Euclidean Wilson loops and Minimal Area Surfaces in Minkowski AdS3

TL;DR

This paper explores minimal area surfaces in Minkowski AdS3 related to Euclidean Wilson loops, providing new analytical solutions and formulas for the area based on the Schwarzian derivative, advancing understanding in AdS/CFT correspondence.

Contribution

It generalizes previous Euclidean results to Minkowski AdS3, deriving a formula for the area and constructing an infinite family of analytical solutions using Riemann Theta functions.

Findings

Derived a formula for the area in terms of the Schwarzian derivative.

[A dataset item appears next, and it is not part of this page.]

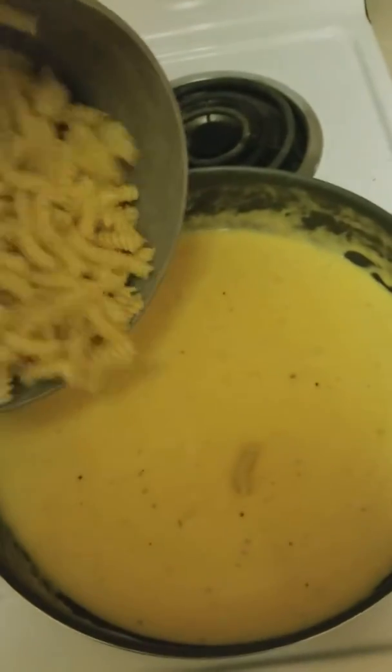Pasta just finished boiling. So we're going to dump that in with the sauce now — the cheesy goodness sauce. I'm going to stir that in now and make that all nice and cheesy.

Constructed an infinite family of analytical solutions with Riemann Theta functions.

Validated the solutions by explicit calculations of surface area and shape.

Abstract

The AdS/CFT correspondence relates Wilson loops in N=4 SYM theory to minimal area surfaces in AdS5xS5 space. If the Wilson loop is Euclidean and confined to a plane (t,x) then the dual surface is Euclidean and lives in Minkowski AdS3. In this paper we study such minimal area surfaces generalizing previous results obtained in the Euclidean case. Since the surfaces we consider have the topology of a disk, the holonomy of the flat current vanishes which is equivalent to the condition that a certain boundary Schroedinger equation has all its solutions anti-periodic. If the potential for that Schroedinger equation is found then reconstructing the surface and finding the area become simpler. In particular we write a formula for the Area in terms of the Schwarzian derivative of the contour. Finally an infinite parameter family of analytical solutions using Riemann Theta functions is described. In this case, both the area and the shape of the surface are given analytically and used to check the previous results.